«La lutte contre la stigmatisation de l’avortement est encore un combat majeur»
L'Argentine intègre en 2021 la liste des pays autorisant l'interruption volontaire de grossesse. Les femmes qui avortent sont cependant souvent stigmatisées, y compris dans les pays où la pratique est légale comme en Suisse, explique la spécialiste Clémentine Rossier.
L’Argentine s’est dotée le 30 décembre 2020 d’une loi garantissant le droit à l’interruption volontaire de grossesse (IVG) jusqu’à la 14e semaine, aux soins post-avortement et à un traitement digne, confidentiel et gratuit pour les femmes, ainsi qu’une éducation sexuelle complète.
Peu de pays dans le monde disposent d’une telle législation visant à limiter le risque d’avortements clandestins. En Amérique latine, l’Argentine rejoint l’Uruguay, Cuba, la Guyane, la Guyane française et Porto Rico, où les femmes peuvent avorter sans avoir subi de viol ni que leur vie soit en danger.
La professeure Nelly Minyersky, figure du militantisme pour les droits des femmes en Argentine, estime qu’une étape très importante a été franchie par le pays. Elle s’inscrit toutefois dans le cadre d’une lutte plus large et soutenue. «La stigmatisation sociale de l’avortement prévaut. Nous continuons la lutte sur cette question.
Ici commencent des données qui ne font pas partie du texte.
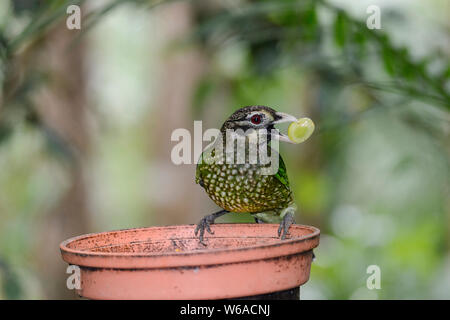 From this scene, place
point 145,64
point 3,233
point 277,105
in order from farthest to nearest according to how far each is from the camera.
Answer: point 145,64
point 277,105
point 3,233

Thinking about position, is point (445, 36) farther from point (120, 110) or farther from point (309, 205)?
point (120, 110)

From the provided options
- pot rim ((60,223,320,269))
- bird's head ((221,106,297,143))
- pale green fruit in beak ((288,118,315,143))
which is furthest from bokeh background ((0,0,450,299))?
pot rim ((60,223,320,269))

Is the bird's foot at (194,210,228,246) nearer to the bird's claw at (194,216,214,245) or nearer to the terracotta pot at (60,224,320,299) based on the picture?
the bird's claw at (194,216,214,245)

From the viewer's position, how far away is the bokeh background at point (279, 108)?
2.71 metres

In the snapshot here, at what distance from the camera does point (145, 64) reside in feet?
30.6

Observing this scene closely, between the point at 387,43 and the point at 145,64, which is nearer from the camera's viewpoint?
the point at 387,43

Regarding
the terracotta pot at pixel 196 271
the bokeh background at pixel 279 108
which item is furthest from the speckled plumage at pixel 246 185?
the bokeh background at pixel 279 108

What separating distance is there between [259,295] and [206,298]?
139 millimetres

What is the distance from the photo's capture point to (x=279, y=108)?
587cm

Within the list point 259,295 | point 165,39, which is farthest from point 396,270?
point 259,295

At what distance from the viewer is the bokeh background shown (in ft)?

Nous devons veiller à ce que la nouvelle loi soit respectée pour faire valoir nos droits: l’éducation sexuelle pour décider, la contraception pour ne pas avorter, et l’avortement légal pour ne pas mourir!»
De fait, même dans des pays comme la Suisse, qui a dépénalisé l’IVG en 2002, plusieurs questions restent ouvertes. Notamment celle de la stigmatisation, qui est toujours une réalité, selon la chercheuse Clémentine RossierLien externe. Professeure à l’Institut de santé globale de l’Université de Genève, elle étudie les avortements, la contraception et le sujet de la fertilité dans le monde. Entretien.
swissinfo.ch: Les autorités suisses évoquent un faible taux d’avortement en comparaison internationale (5,5 pour 1000 femmes en 2019Lien externe). Ce chiffre est-il particulièrement notable?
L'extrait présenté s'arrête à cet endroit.